February 19, 2003|By Gregory Kane

IT'S A SIGN of these sorry political times that this subject even has to be broached, but isn't it time we defended white people?

Before you cavalierly pooh-pooh the notion, consider the publication of Race Traitor, a journal dedicated to the proposition that the white race needs to be abolished and uses the invidious but nonetheless catchy slogan "treason to whiteness is loyalty to humanity." Noel Ignatiev and John Garvey, of Harvard University and New York University, respectively, are two white guys who started Race Traitor in 1992.

"Oh, my goodness," said Elyzabeth-Anne Marcussen when she learned of the journal's existence. Marcussen is a Pasadena woman who recently moved to Maryland with her husband and two daughters.

She got her first taste of white-bashing when her 7- year-old came home from school and gave the highlights of her second-grade social studies lesson on the Rev.. Martin Luther King Jr. The innocent lass - the civil rights leader was "Martin King Junior Luther, who wasn't a sick-people doctor" in her previously unbesmirched mind - was going along swimmingly for a bit, telling her mom where King was born and how he graduated from seminary school and became a pastor. Then came the part about the 1955-1956 Montgomery bus boycott.

"Now her story is peppered with `the white people were against it' and `the white people burned crosses in their yards' and on and on," Marcussen, a homemaker and radio ad-writer, wrote in an online site called EAForums. Seeing that frequent negative references to whites were stressing her daughter out, Marcussen decided some motherly intervention was in order. "I don't think that's what your teachers meant to convey," Marcussen told her.

Then, as simply as she could explain it to a 7-year-old mind, Marcussen showed her daughter the error of blanket statements like "the white people did this or that." Marcussen told her daughter that both of them were white and didn't make black people sit in the back of buses or burn crosses on their lawns or make them drink from separate water fountains.

"Ignorant people did that," Marcussen told her. "Ignorant people are people who don't know any better AND don't care if they ever learn."

"What about the white people who killed King Martin Junior Luther?" the girl asked. "That was one man," her mom answered, "an evil, ignorant, cowardly man. He just happened to be white. I just don't want you to think that you are bad because you are white. And it seems to me that your teachers don't realize they're making you think all white people were out to hurt black people."

That couldn't have been the teachers' intent when they taught about King. But what if they supplemented the lesson with these facts: In 1909, the National Association for the Advancement of Colored People was formed. White people were prominent figures in its founding.

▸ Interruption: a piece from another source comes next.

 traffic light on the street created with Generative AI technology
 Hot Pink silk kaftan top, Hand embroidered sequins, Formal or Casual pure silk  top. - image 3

In 1942, blacks AND whites started the Congress of Racial Equality, an organization which, long before King, used nonviolent tactics to integrate Chicago restaurants. Some of "the white people" financially supported the NAACP, CORE and King's Southern Christian Leadership Conference, which enabled these organizations to counter "the white people" who "made them drink from different water faucets" and "burned crosses on their lawns."

Other white people - Michael Schwerner, Andrew Goodman, Viola Liuzzo and James Reeb - were killed fighting the same fight King dedicated his life to. If such lessons were given, maybe 7-year-old white kids wouldn't go home and tell their mommies what bad white people did.

Marcussen has no problem with teaching kids about diversity. It's the WAY diversity is taught that bugs her. "In the interest of teaching diversity," Marcussen said, "we may end up segmenting ourselves instead of unifying ourselves."

We've segmented ourselves to such an extent that a group of black Americans took to the National Mall in Washington last August and demanded reparations for slavery. Some of them proudly carried signs that read, "They owe us."

The "them" vs. "us" proponents of American history brusquely sweep aside the contributions of Lyman Trumbull, the 19th-century Illinois senator who was instrumental in getting the 13th Amendment - which outlawed slavery - passed. White abolitionists like Wendell Phillips and those who risked imprisonment to resist the Fugitive Slave Act are similarly shunted aside.

The history of slavery and racism in America is a tale of how WE - Americans of all races - resisted both. Let's hope somebody passes that information on to Marcussen's daughter by the time she gets out of school.